Records from a dataset:
┏━━

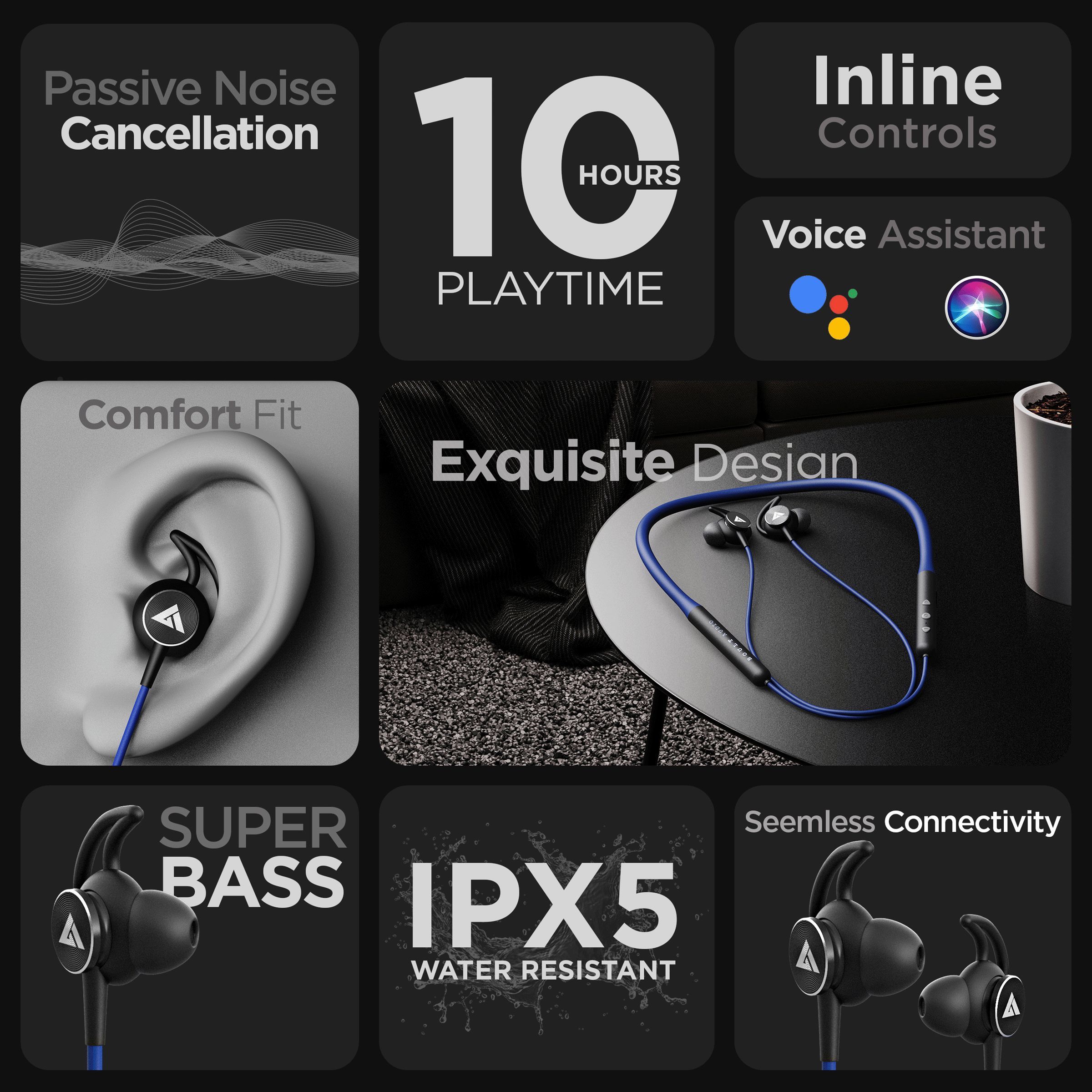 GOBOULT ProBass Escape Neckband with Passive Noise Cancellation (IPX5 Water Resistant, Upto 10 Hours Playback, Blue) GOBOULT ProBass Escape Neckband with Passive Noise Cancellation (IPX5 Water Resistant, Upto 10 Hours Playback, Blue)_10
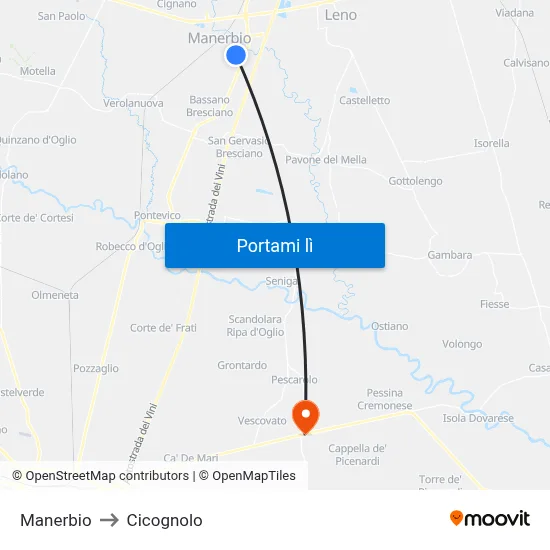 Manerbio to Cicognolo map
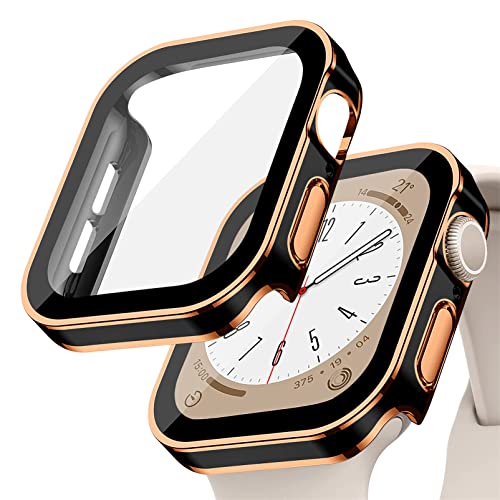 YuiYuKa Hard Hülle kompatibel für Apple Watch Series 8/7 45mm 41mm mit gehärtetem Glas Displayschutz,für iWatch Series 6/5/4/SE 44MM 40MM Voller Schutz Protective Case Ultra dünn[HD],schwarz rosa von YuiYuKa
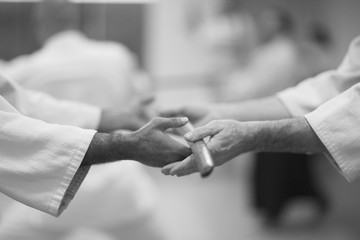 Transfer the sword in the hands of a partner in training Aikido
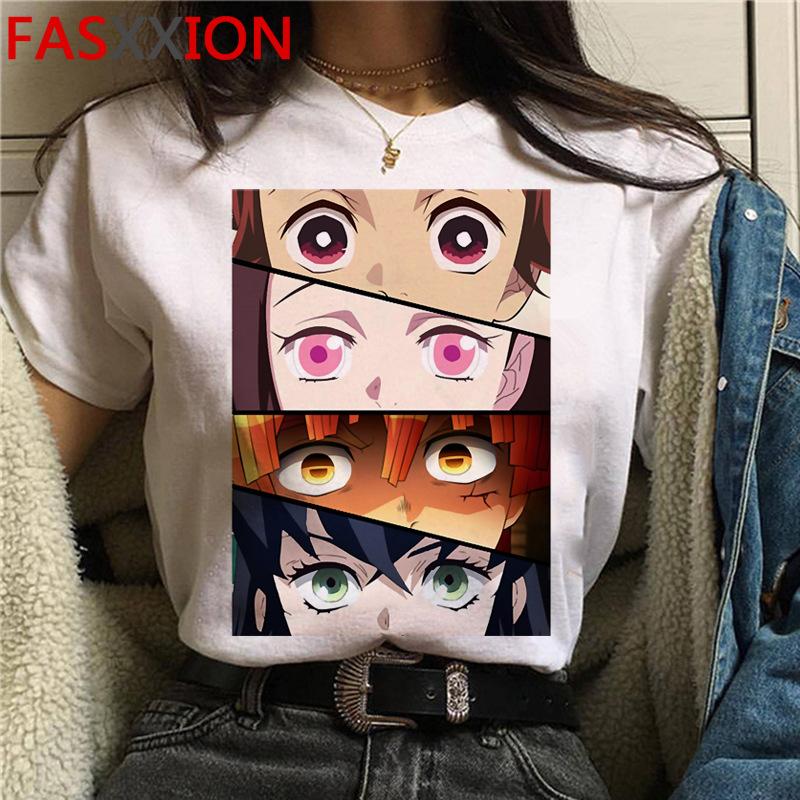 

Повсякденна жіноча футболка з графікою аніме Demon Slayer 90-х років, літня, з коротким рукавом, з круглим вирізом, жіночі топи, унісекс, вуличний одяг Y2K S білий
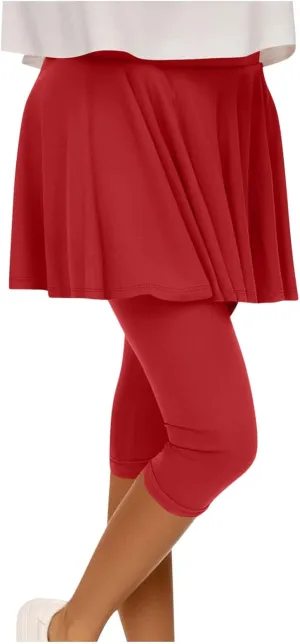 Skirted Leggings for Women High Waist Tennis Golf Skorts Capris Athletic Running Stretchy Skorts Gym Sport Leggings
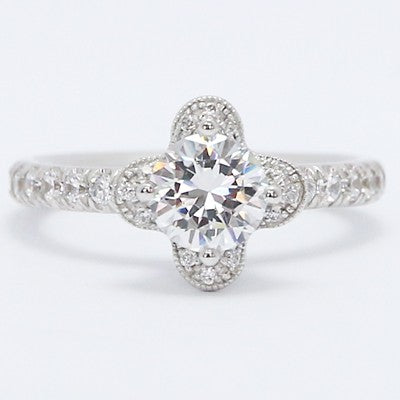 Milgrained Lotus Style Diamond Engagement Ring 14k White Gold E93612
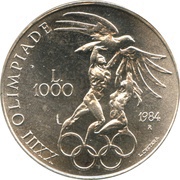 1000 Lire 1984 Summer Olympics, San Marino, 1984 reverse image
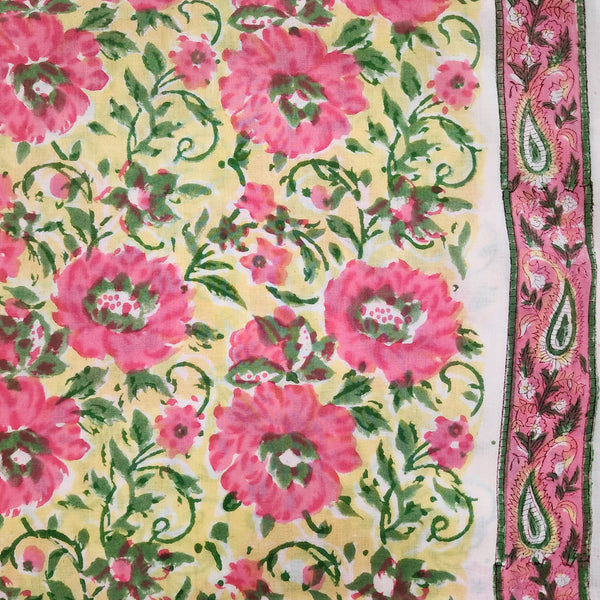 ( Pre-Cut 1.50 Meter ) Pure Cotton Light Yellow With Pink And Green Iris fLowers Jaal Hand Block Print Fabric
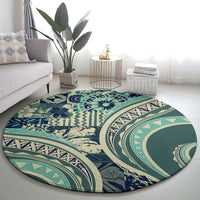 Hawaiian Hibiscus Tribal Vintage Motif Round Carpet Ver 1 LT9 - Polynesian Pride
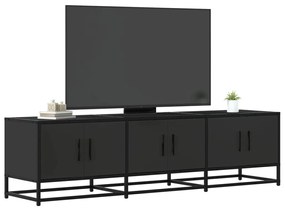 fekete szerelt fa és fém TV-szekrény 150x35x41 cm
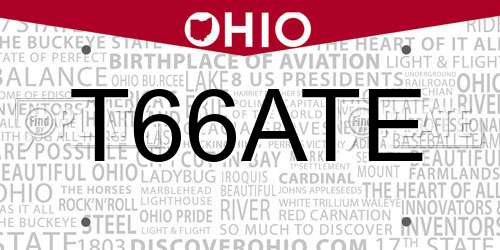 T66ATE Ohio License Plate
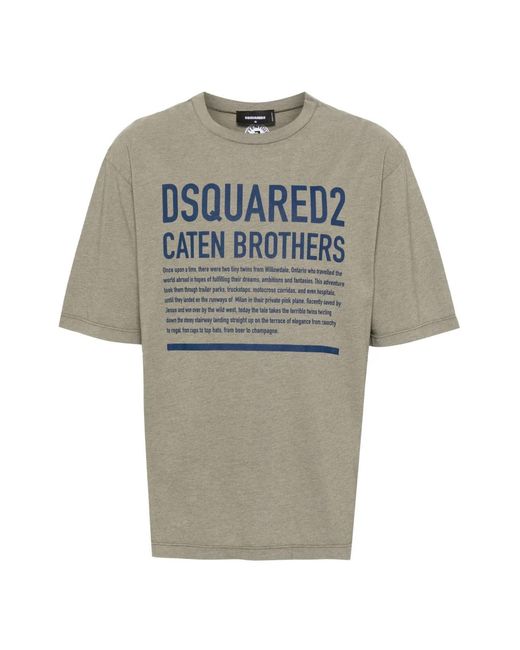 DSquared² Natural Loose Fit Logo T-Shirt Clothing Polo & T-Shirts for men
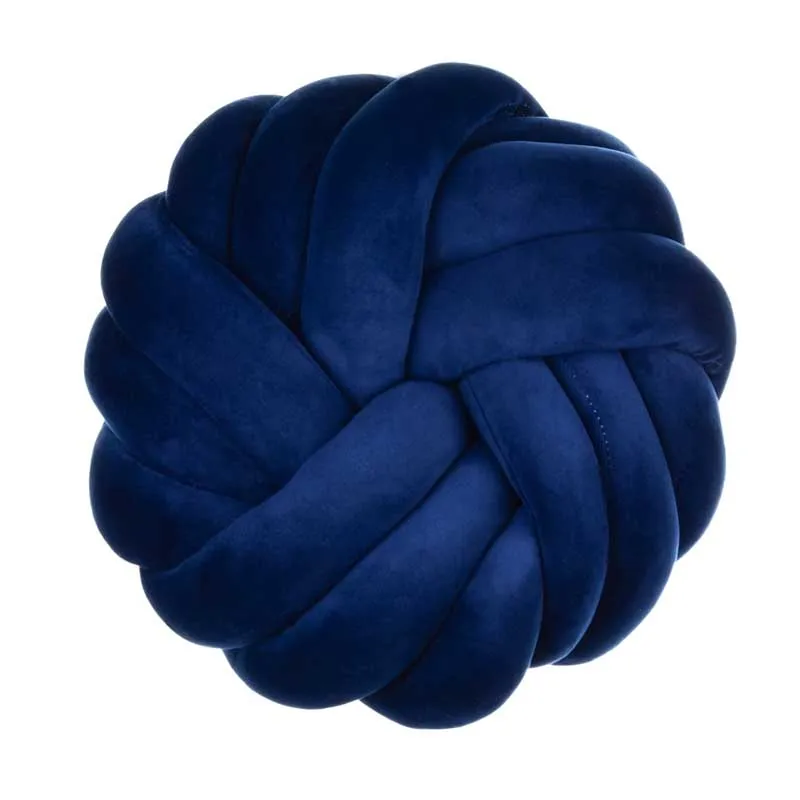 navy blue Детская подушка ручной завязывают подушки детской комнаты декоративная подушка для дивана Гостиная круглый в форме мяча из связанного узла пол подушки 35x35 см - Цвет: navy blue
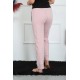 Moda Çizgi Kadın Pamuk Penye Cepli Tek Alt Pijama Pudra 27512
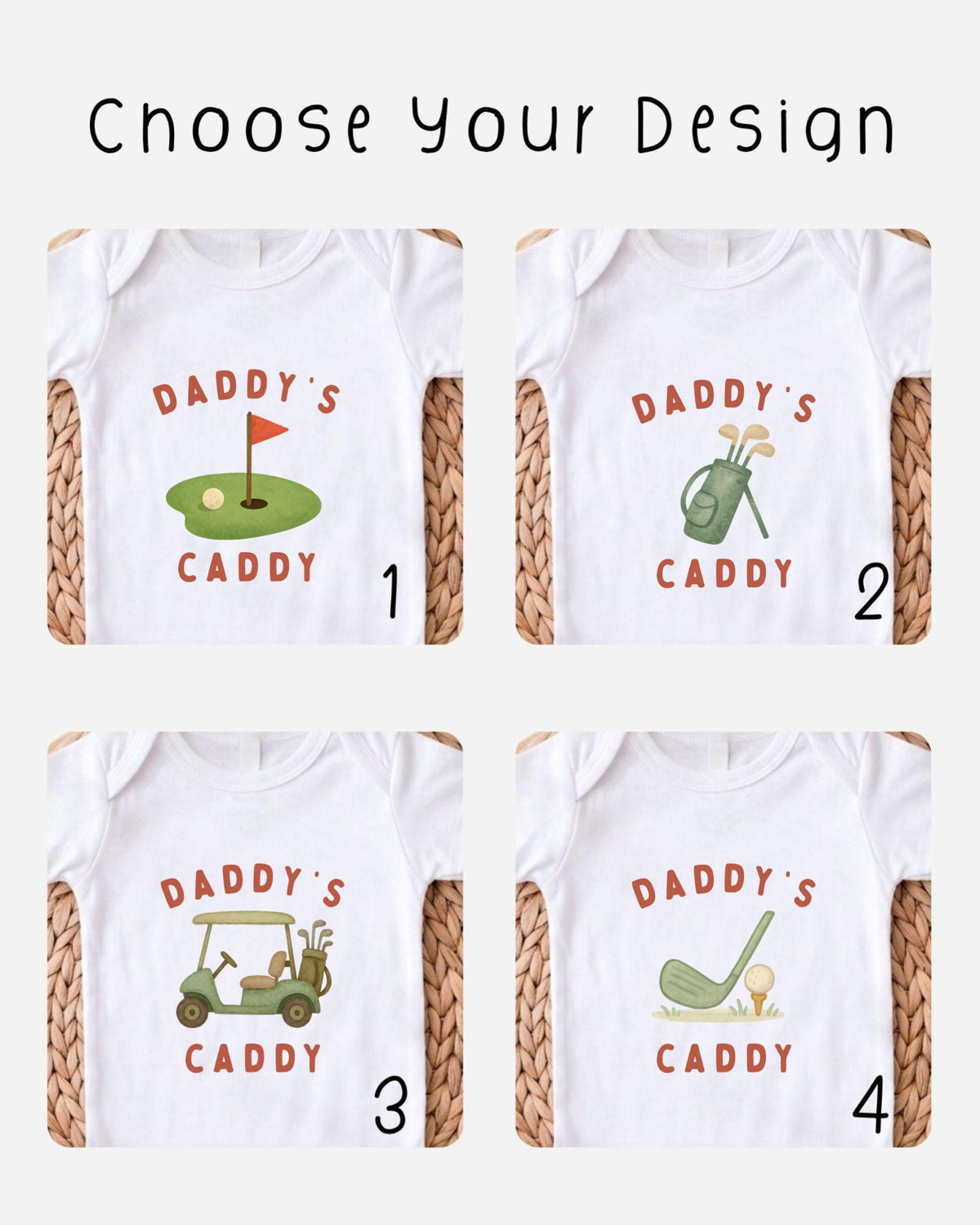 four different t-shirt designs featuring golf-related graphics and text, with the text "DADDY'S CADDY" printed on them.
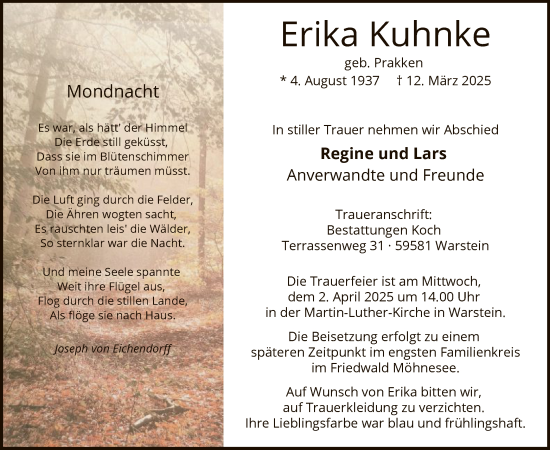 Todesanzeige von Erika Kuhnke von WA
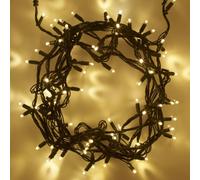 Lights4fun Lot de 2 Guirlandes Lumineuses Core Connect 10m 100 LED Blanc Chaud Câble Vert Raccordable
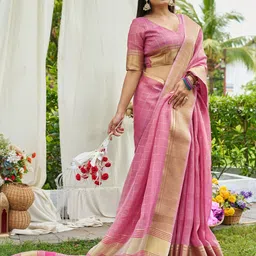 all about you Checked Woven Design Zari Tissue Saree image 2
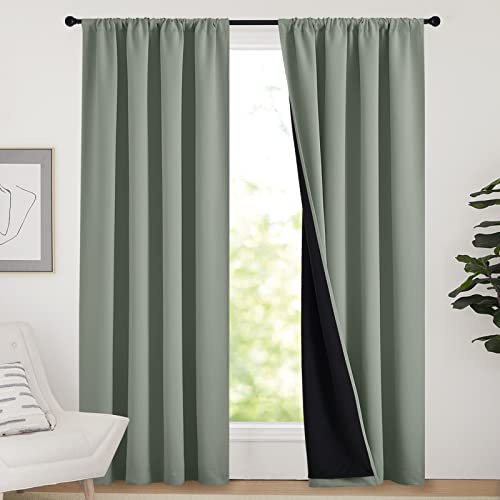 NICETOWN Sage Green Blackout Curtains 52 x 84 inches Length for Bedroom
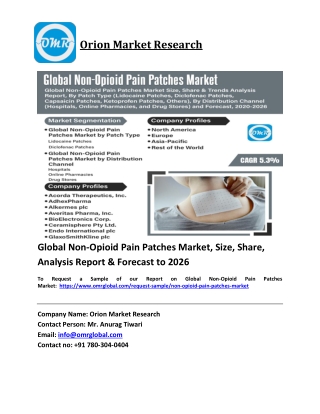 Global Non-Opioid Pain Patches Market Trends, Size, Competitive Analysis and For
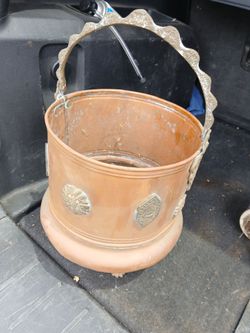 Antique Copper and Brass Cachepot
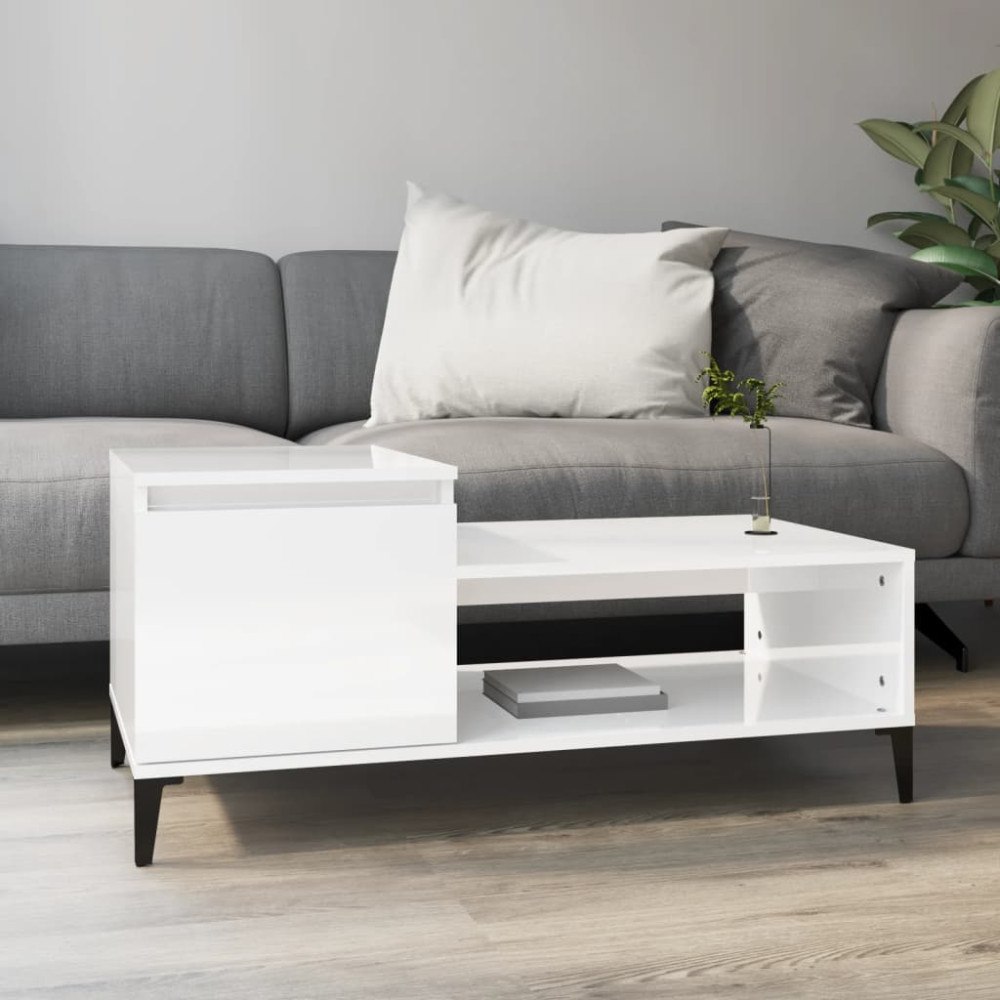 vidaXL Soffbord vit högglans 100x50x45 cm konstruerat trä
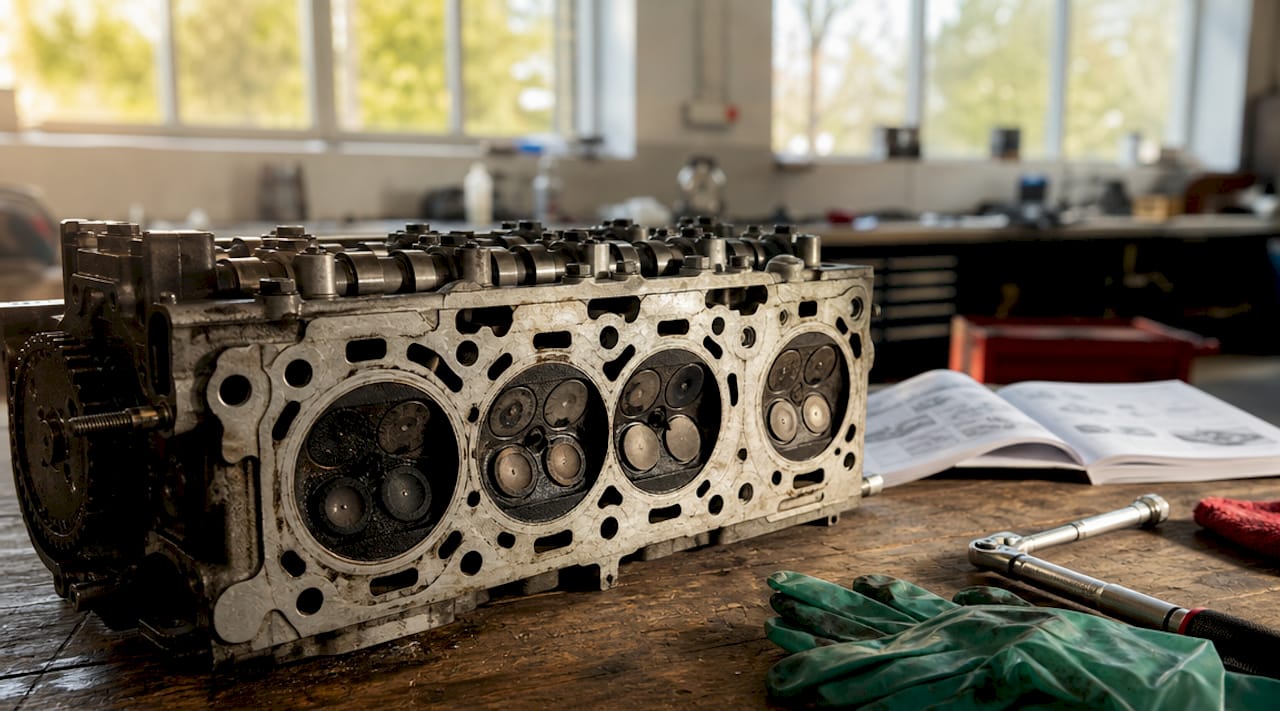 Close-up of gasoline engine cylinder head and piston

┗━━

WHAT YOU ARE ASKED TO DO.
Which lines run from the one containing "Lights4fun Lot de" through the last line of the entries above? Output them exactly, both ends included, with no pictures.

EXERCISE SOLUTION.
 Lights4fun Lot de 2 Guirlandes Lumineuses Core Connect 10m 100 LED Blanc Chaud Câble Vert Raccordable
 all about you Checked Woven Design Zari Tissue Saree image 2
 NICETOWN Sage Green Blackout Curtains 52 x 84 inches Length for Bedroom
 Global Non-Opioid Pain Patches Market Trends, Size, Competitive Analysis and For
 Antique Copper and Brass Cachepot
 vidaXL Soffbord vit högglans 100x50x45 cm konstruerat trä
 Close-up of gasoline engine cylinder head and piston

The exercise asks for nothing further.